• Task requirements
From the line holding "A Blood Clot" through the line holding "MIXA Niacinamide Bright" below, write out every line exactly; include both of those lines and drop the pictures.

• The records
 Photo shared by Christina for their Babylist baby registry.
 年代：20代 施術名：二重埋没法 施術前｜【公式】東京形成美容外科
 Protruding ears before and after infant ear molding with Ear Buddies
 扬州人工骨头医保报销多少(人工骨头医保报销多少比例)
* * *
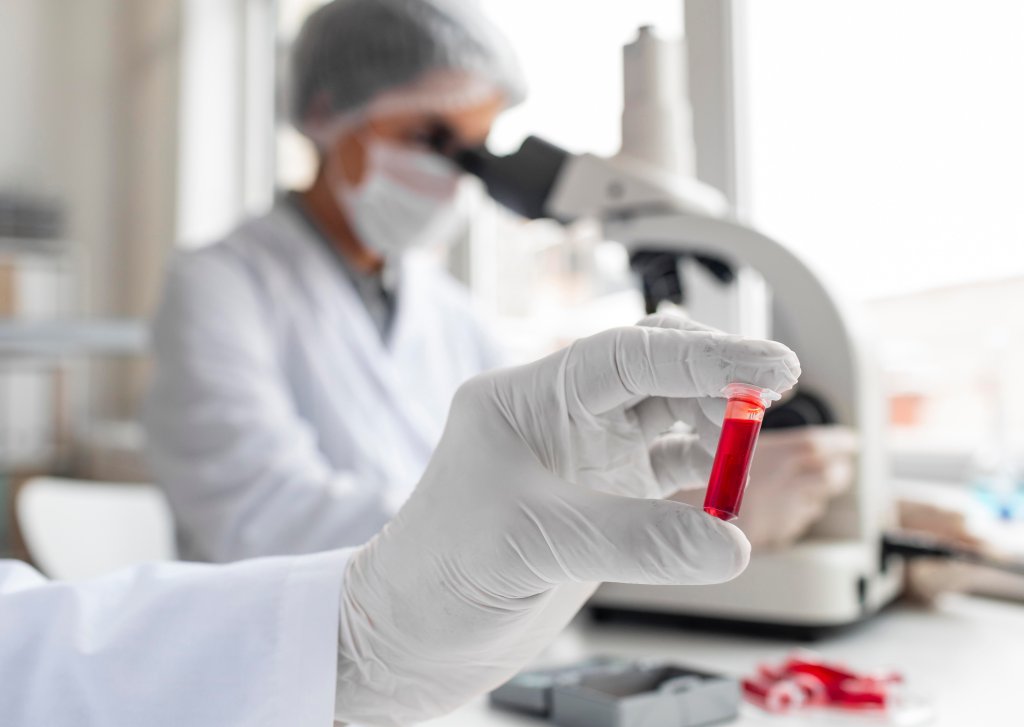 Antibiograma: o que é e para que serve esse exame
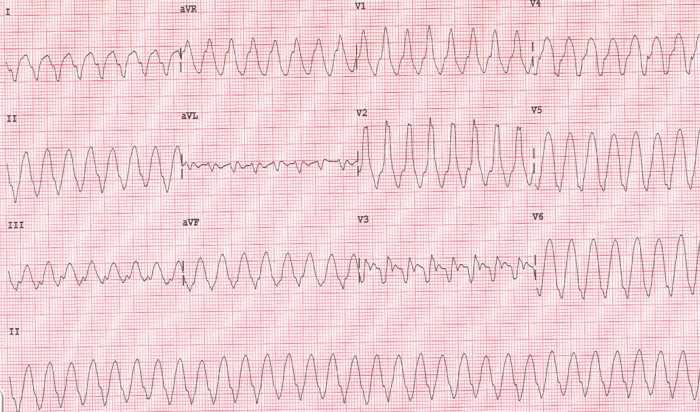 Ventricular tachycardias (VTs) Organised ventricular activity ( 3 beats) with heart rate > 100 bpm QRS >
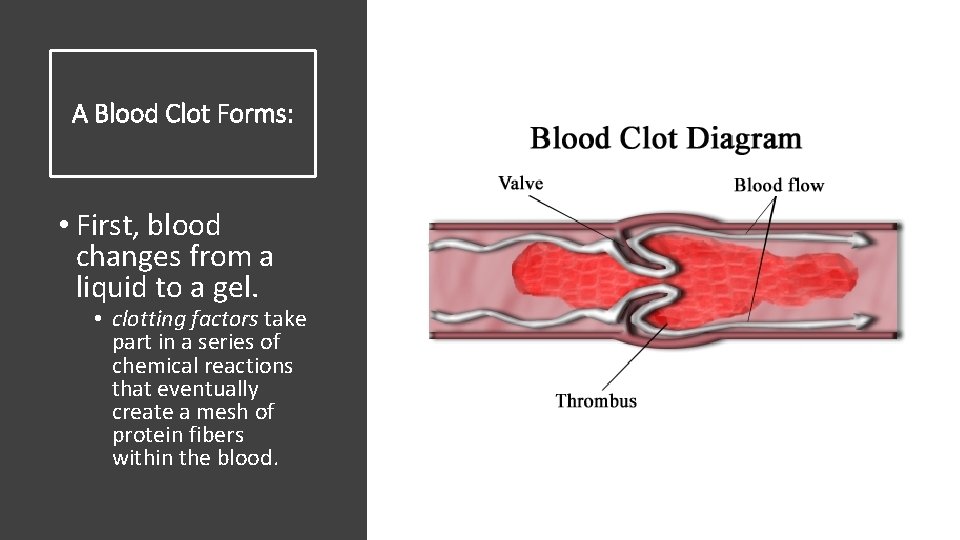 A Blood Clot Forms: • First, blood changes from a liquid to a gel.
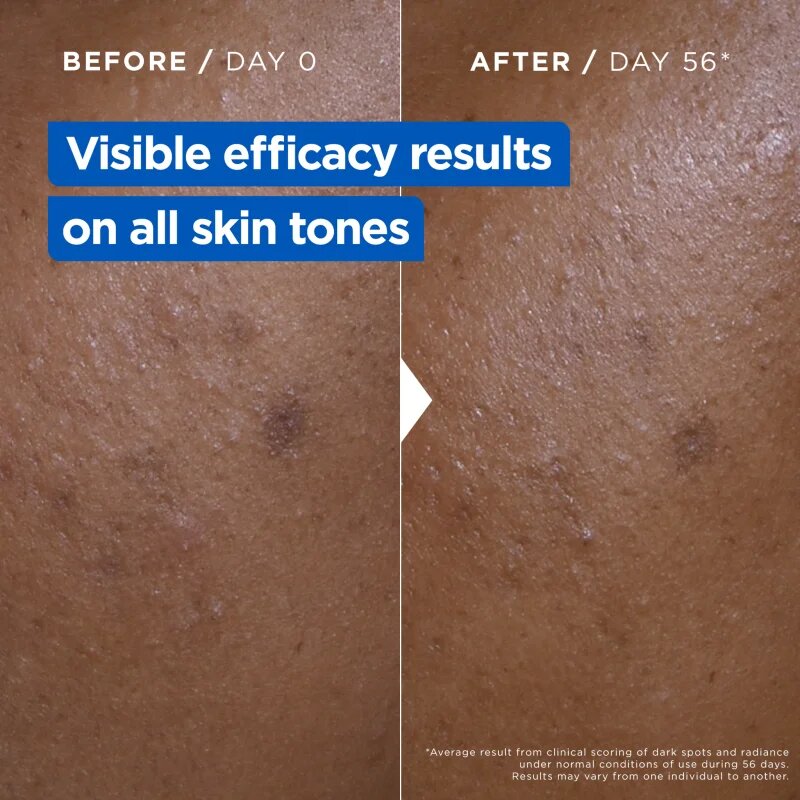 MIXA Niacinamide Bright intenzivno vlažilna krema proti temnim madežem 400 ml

• Exercise answer
 A Blood Clot Forms: • First, blood changes from a liquid to a gel.
 MIXA Niacinamide Bright intenzivno vlažilna krema proti temnim madežem 400 ml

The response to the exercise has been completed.